C’est ici que je vis: Barcelone sous l’autoroute
En dépit de l’accélération récente de l’importation des films ibériques, la Catalogne demeurait encore une Terrae incognita du cinéma contemporain. Simple prétexte à l’édification d’un univers fantastique (Ouvre les Yeux, La Chambre du fils), ou à l’accumulation de poncifs publicitaires (Vicky Cristina Barcelona), elle semblait définitivement réduite au petit théâtre humain de Pedro Almodovar (Tout sur ma mère). C’était sans compter sur la persévérance de Marc Recha, jeune cinéaste qui signe avec C’est ici que je vis sa septième réalisation en territoire catalan. Dans les faubourgs de Barcelone, cadrés comme un western crépusculaire, il compose une fable sur la fin de l’enfance. L’histoire du jeune Arnau (Marc Soto), laissé aux « bons » soins d’une famille de traîne-misère dans l’attente du procès de sa mère, emprisonnée pour trafic de drogue. Passionné par les concours de chants d’oiseaux, il découvre au contact de son oncle (Sergi Lopez) le monde des paris et des petites magouilles.
Acid jazz
Au-delà du minimalisme quasi famélique du scénario – calqué sur la structure ordinaire de la chronique adolescente post Ken Loach-, Marc Recha propose une autre idée du cinéma réaliste contemporain.

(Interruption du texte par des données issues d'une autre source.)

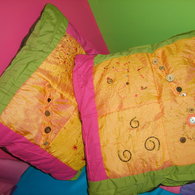 Beaded_cushion_2_listing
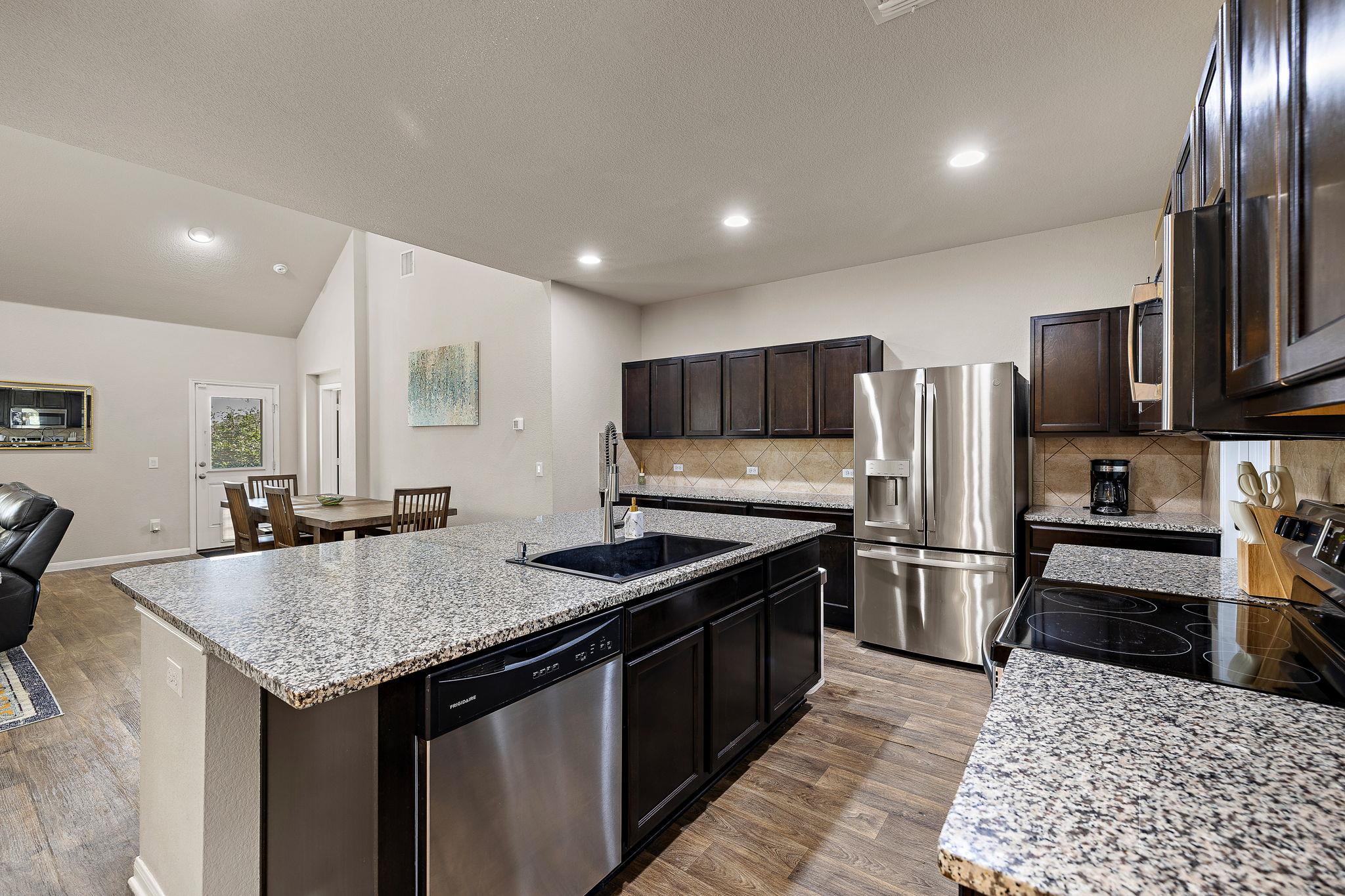 201 Garcitas Creek Ln, Hutto, TX 78634
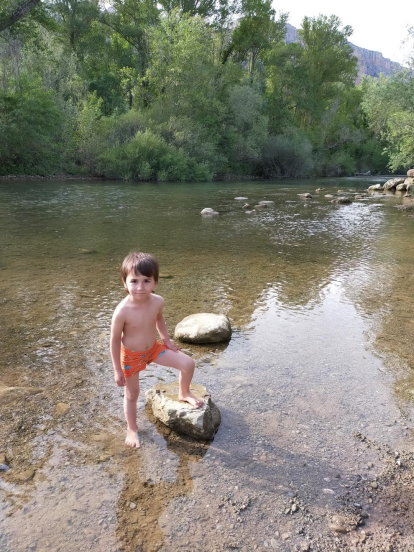 Envíanos fotos en contacto con tu río: paseando cerca, nadando, practicando deportes de aventura...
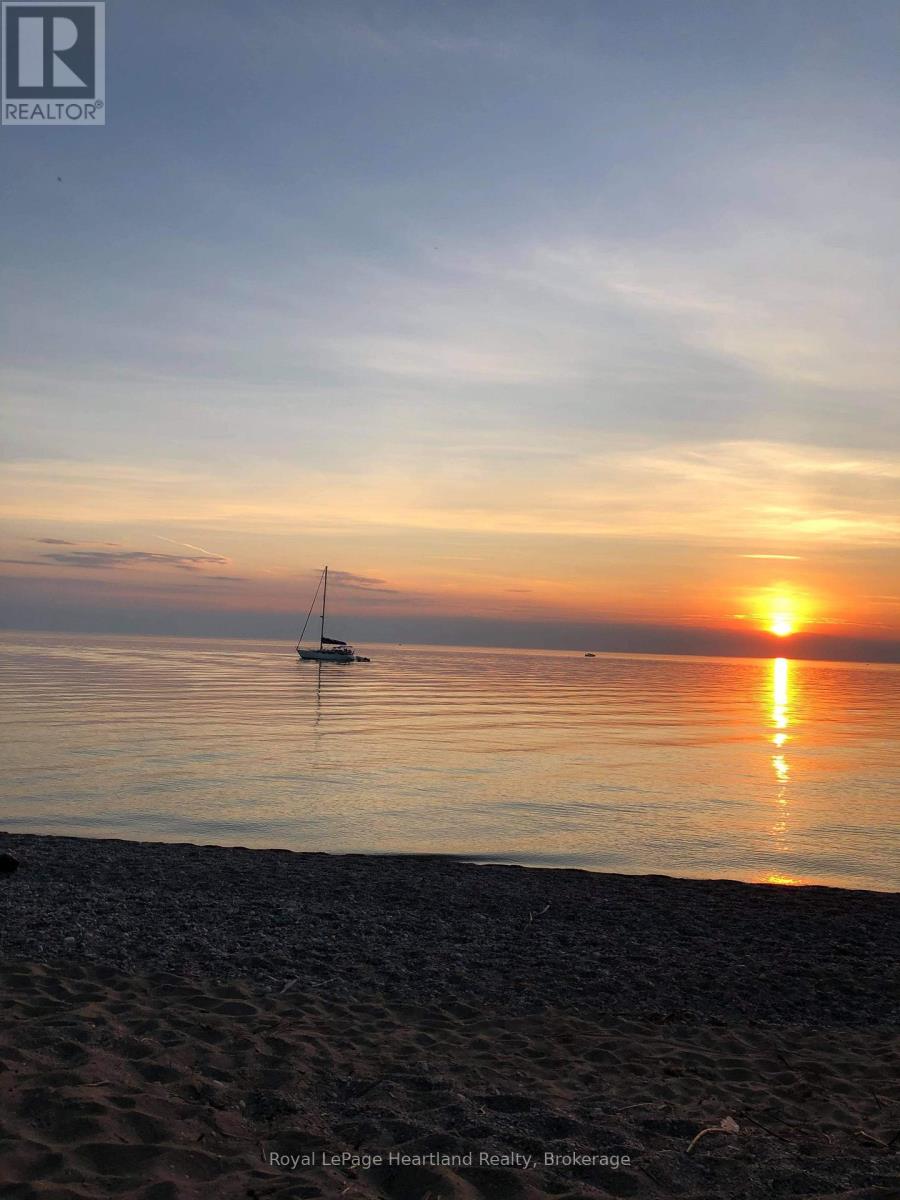 56 Cherokee Lane, Ashfield-Colborne-Wawanosh, Ontario  N7A 3Y2 - Photo 36 - X12943262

L’idée singulière d’une représentation de l’entre-deux âges enfin détachée des pesanteurs sociales et des instincts primaires. Pourtant la terre est fertile à la misère dans ce no man’s land catalan qui abrite la famille d’Arnau, sorte de miroir sudiste des banlieues pavillonnaires du récent Fish Tank. Il y est constamment question d’argent –qui manque-, de famille en crise, de communication impossible et d’enfermement subi. Presque par ironie, Marc Recha invoque ces figures imposées, comme ces longues séquences d’errance de son adolescent mutique filmées en contrebas. Et lorsque l’on croit basculer dans le misérabilisme tendance Harmony Korine, le réalisateur opère de brusques ruptures de ton suggérant une réalité parallèle. Ainsi ces échanges intimes entre Arnau et son oiseau ; ou ces apparitions burlesques de marionnettes géantes au rythme d’un thème acid jazz en totale dissonance. A l’austérité programmatique du drame social, Marc Recha oppose donc la liberté de l’expérience sensorielle.
Sourdes menaces
Pour faciliter cet effet d’immersion, le film procède par détails, par répétitions indéfinies des mêmes gestes, des mêmes plans. Le temps paraît suspendu dans cette périphérie barcelonaise, balayée par le roulement incessant des bétonneuses et le chant des verdiers. C’est ici que je vis dessine une terre de résistance, sorte de mémoire vive de la Catalogne cernée par la modernité dévorante de la ville. Les paysages ordinairement « hors de vue » sont ici magnifiés par l’utilisation du format scope et une photographie irradiante. Ils contrastent avec l’horizon bétonné de la capitale, figuré en contrechamp comme l’annonce d’un changement à venir. Mais à l’inverse de son précédent l’Arbre aux cerisiers, Marc Recha évite de sombrer dans le panthéisme niais articulé autours de la confrontation nature/modernité. La véritable menace est ici introduite par un élément perturbateur : l’oncle, qui convertit Arnau aux usages du monde adulte. Multipliant les lignes de fuite, le réalisateur abandonne progressivement la chronique existentielle au profit d’un conte dont la morale nihiliste achève définitivement la mue de son jeune héros.